Some have tried to sidestep this challenge by endorsing panpsychism , the view that phenomenal consciousness is a property that exists in all physical matter. However, the move from this position to specific moral recommendations is often unjustified. Even if we think that consciousness is ubiquitous, we know from our own experiences that not all conscious experience is morally significant. Some experiences are neutral and do not seem to have any positive or negative valence [6]. In fact, in rare circumstances, there appear to even be cases of pain that lack the unpleasantness that typically accompanies them [7]. So even if we were told definitively that, say, a hydrogen molecule has the property of consciousness to some degree, we would have no way of assessing whether that conscious experience was positive, negative, or entirely neutral. So, endorsing panpsychism just changes the challenging question from “how do we know which entities are conscious?” to “how do we know which entities have morally significant consciousness?” Endorsing panpsychism takes us no closer to knowing which animals should be taken into consideration in our moral judgments.

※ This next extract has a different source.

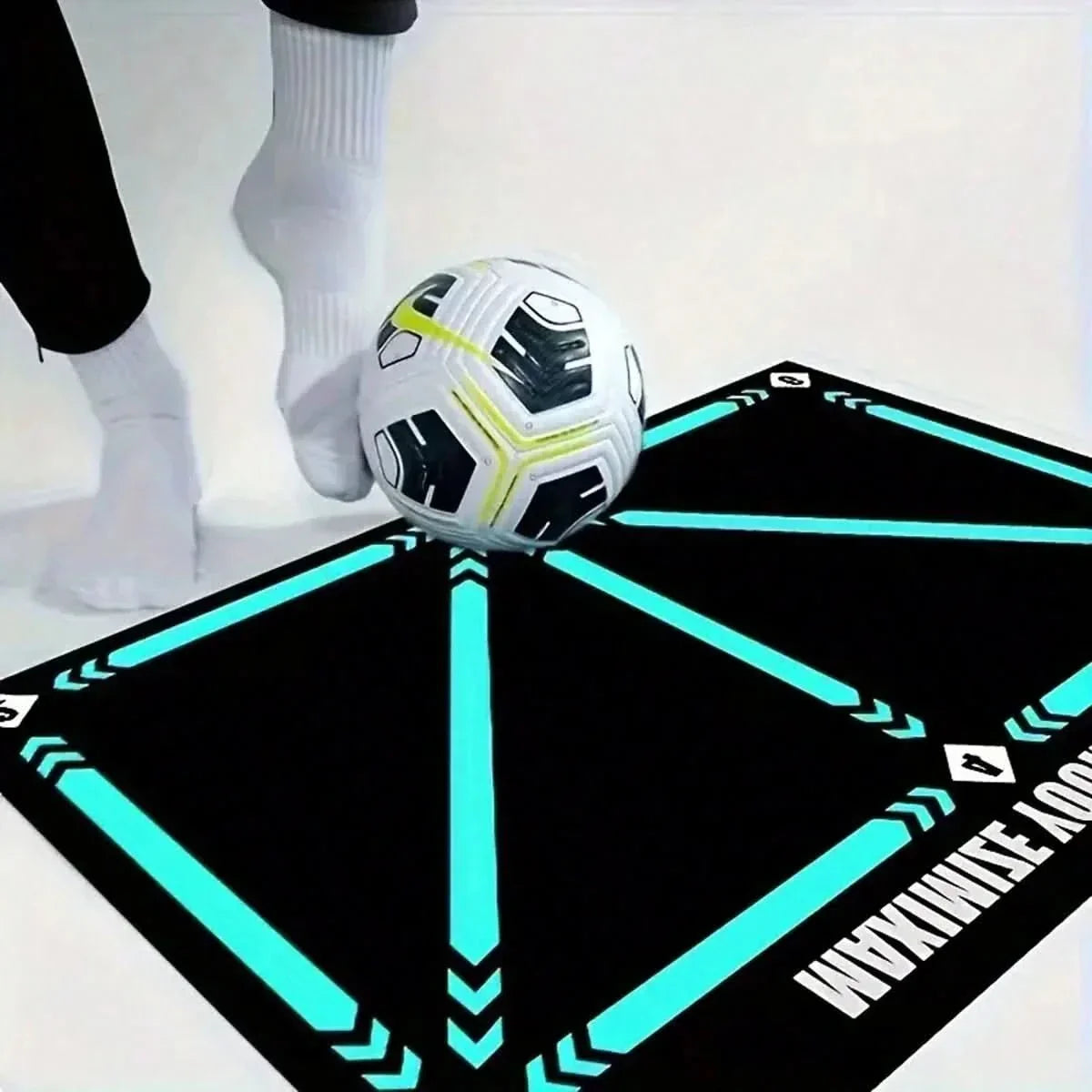 GoalReady 滑り止め付きサッカートレーニングマット — テクニック練習用の携帯式マット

So, we are left to confront a situation where, although there are various theories of consciousness, any honest assessment would have to conclude that we do not yet know what physical processes are most central to the experience of morally relevant feelings (or other psychological states). And it is not just that we do not know what physical processes are relevant; we do not even know what exactly it would look like to have sufficient evidence to know that certain physical processes are central.

But we do not have the luxury of throwing up our hands and embracing agnosticism. Humans have impacted and continue to impact potentially sentient organisms at a scale that is almost impossible to exaggerate. In fact, we have the capacity to end all sentient life on earth, but sadly the jury is still out as to whether we have the ability to organize and guide societies in a manner that would ensure that this does not happen. Meanwhile, everyday activities such as modern industrial agriculture are likely causing suffering to tens of billions of animals every year [8]. The stakes are high. We need some principled methodology for assessing sentience that can be of use in attempting to formulate ethical and legal restrictions on our treatment of nonhuman animals. I now turn to several different strategies that have been used to do this, and in particular will examine the relevance of neuroscience for making final decisions on these frameworks.

2 Precise Accounts of Sentience

Until recently, most philosophical attempts at using sentience to guide policy attempted to set fairly clear lines that could be of use for ethical guidelines. That is, criteria were provided that could be used to say, for any given species, whether that species should be treated as sentient or not. There was, and currently is, no consensus on the exact criteria, so the designation “precise” should not be thought of as indicating the success of the endeavors so much as the fact that they, in contrast to the other two groups of theories I will be considering, aspire to provide precise criteria that can be used to make the relevant determinations. For these theories, we can say that, if they are true, then they set decision criteria that can be used to determine which beings are sentient.

Gary Varner [9, 10] has suggested that most standard arguments about sentience in animals can be usefully interpreted as arguments by analogy. An exchange between Varner and Colin Allen about such arguments nevertheless nicely illustrates some general challenges facing precise accounts of sentience.

To begin, we can follow Varner in suggesting the following general format for an argument by analogy for animal sentience:

P1. Things like X are known to have qualities a, b, c, … and m as well as n.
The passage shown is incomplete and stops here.